Türkiye’de yaşanan 6 Şubat depreminin üstünden bir yıl geçti. Daha önceki Gölcük depreminde olduğu gibi, depremin ilk anlarında korkunçluğunun bile farkında değildik. İlerleyen saatlerle birlikte yıkımın büyüklüğü meydana çıktı. Nerede ne olduğunu öğrenebilmek için saatler değil, neredeyse günler geçmesi gerekti.
Şimdi günler değil, bir yıl geride kalmış bulunuyor. 6 Şubat depreminin yaralarının sarılmış olması gerekirdi; sarılmadı! Yaraların sarılmamış olması bir tarafa, gerçek deprem hasarı hala daha bilinmiyor. Kayıpların sayısı 50 bin 783 olarak açıklanmış olsa bile kimse buna inanmıyor. Zaten bugünün Türkiye iktidarı, bu konuda yapılması önerilen araştırmaları bile engelliyor; kayıplar bilinmesin istiyor.
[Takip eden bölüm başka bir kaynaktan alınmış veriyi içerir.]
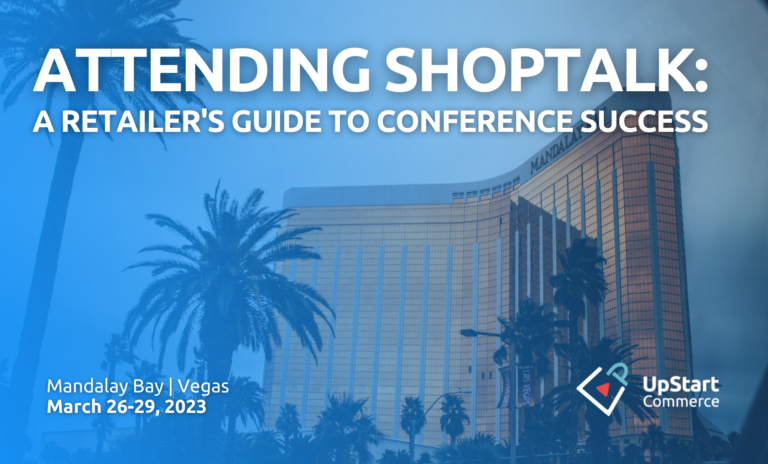 Attending Shoptalk for Retailers, with a blue gradient photo of Mandalay Bay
Depremden sonra ortaya çıkan konut sorunu giderilemedi. Dün yapılan açıklamalardan öğreniyoruz ki depremzedelere teslim edilen konut sayısı sadece 18 bin 19 olmuş… Depremzedelerin %95’i hala daha konteyner veya çadırlarda yaşıyor.
Bunlara inanmayanlar olacağını biliyorum. Ben de inanamıyorum zaten. Koca Türkiye Cumhuriyeti’nin depremin yıkımını yaşayan yurttaşlarına sahip çıkamamasını anlayamıyorum. Kızıyorum; öfkeleniyorum! Kıbrıs’ta yaşayan bölge insanlarına soruyorum: “Ailelerinize konutları verildi mi?” Aldığım yanıt olumsuzdur. Etrafımızda çok sayıda bölge ile bağlantılı insanımız var; siz de sorabilirsiniz.
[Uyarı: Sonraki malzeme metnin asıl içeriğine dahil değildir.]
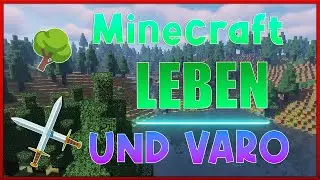 🔥 MINECRAFT LEBEN UND VARO - Wie geht es weiter? MINECRAFT MITSPIELER GESUCHT - Projekt - Deutsch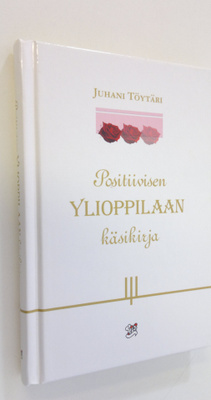 Juhani (toim.) Töytäri : Positiivisen ylioppilaan käsikirja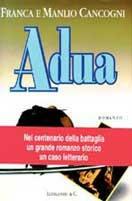 Adua - Manlio Cancogni, Franca Cancogni - Libro Longanesi 1996, La Gaja scienza | Libraccio.it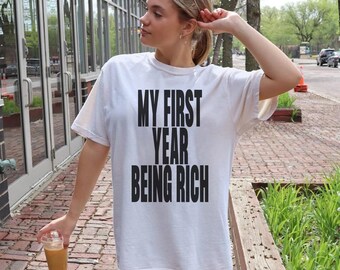My First Year Being Rich T-Shirt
Deprem günlerinde yaşananlar da değerlendirilmedi zaten: Deprem enkazına neden geç müdahale edildi? Deprem bölgelerinde internet bant genişliği neden daraltıldı? Bir yıl sonra bile bu sorulara “öyle gerekliydi” diye yanıt veriliyor; kamuoyuna açık amaçlar ve gerekçeler paylaşılmıyor. Yapılanlar doğru muydu, yanlış mıydı tartışılmasın isteniyor.
KKTC’ye gelince…
Deprem bölgesinde çok sayıda canımız gitti. Yasları tutuluyor; hesapları soruluyor…
Fay hattının Kıbrıs’a kadar ulaşabileceği belli olduğu zaman büyük bir telaş yaşadık. Konutlarımız ama en önemlisi de okullar depreme dayanıklı mı? Meydana çıktı ki değildirler… O telaşlı halimizle öğrenciler için konteyner sınıflar yaptık; yağmur yağdı sınıfları seller bastı… Yaz geldi geçti ama okulları yenilemede hangi aşamada olduğumuz bir türlü netlik kazanmadı.
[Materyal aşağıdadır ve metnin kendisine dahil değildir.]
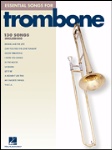 Essential Songs for Trombone . Trombone . Various
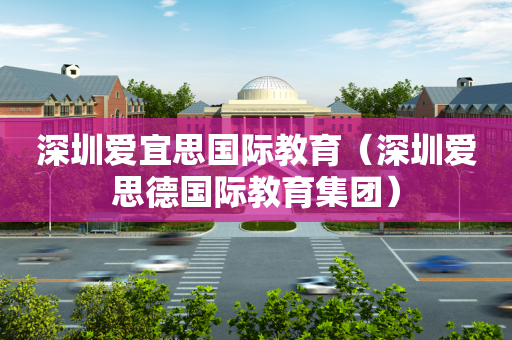 深圳爱宜思国际教育（深圳爱思德国际教育集团）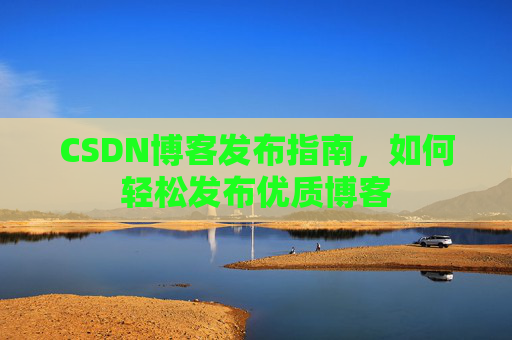 CSDN博客发布指南，如何轻松发布优质博客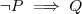 \neg P \implies Q \neg P \implies Q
Hastanelerimizin durumunu hiç bilmiyorum. Bir depremden sonra servis verecekler mi; vermeyecekler mi? Bu konuda yeterli bir açıklamaya rastlayamadım.
6 Şubat depreminde Türkiye’ye gönderdiğimiz yardım ekibinden kişilerin KKTC’de bir deprem olması halinde ekip sayısının yetersiz kalacağına dair açıklamalar gelmişti… Bu konuda da büyük bir ilerleme sağladığımızı düşünmüyorum.
6 Şubat depreminin üstünden henüz bir yıl geçti… Acıları taptaze… Yıllar geçse de bu acıya alışamayacak insanlarımız var; çocuklarını kaybedenlerin halini düşünmek bile korkunçtur.
Ama acıları paylaşmaya çalışmak yetmez; depremzedeler için yapılanları ve depreme hazırlıklı olmak için yapılması gerekenleri de konuşmak gerekiyor. Yakınlarını kaybedenlerin acılarını paylaşmak belki de böyle olmalıdır. Yapmamız gerekenleri yapmak, onların acılarını paylaşmanın en etkili yolu olacaktır.
Benim gördüğüm ise her şeyin konuşmada kaldığıdır. Her konuda olduğu gibi deprem önlemleri ve depremzedelere yardım konusunda da çok konuşma vardır ama yapılan iş yoktur! ŞAMPİYON MELEKLERİ ANMAK, törenlere katılmak veya sosyal medya paylaşımları hazırlamak, onları geri getirmeyeceği gibi geride kalanların acılarını dindirmeyecek veya güvenliğini sağlamayacak.
Böyle olmasaydı, depremler de bu kadar kıyıcı ve yıkıcı olmayacaktı!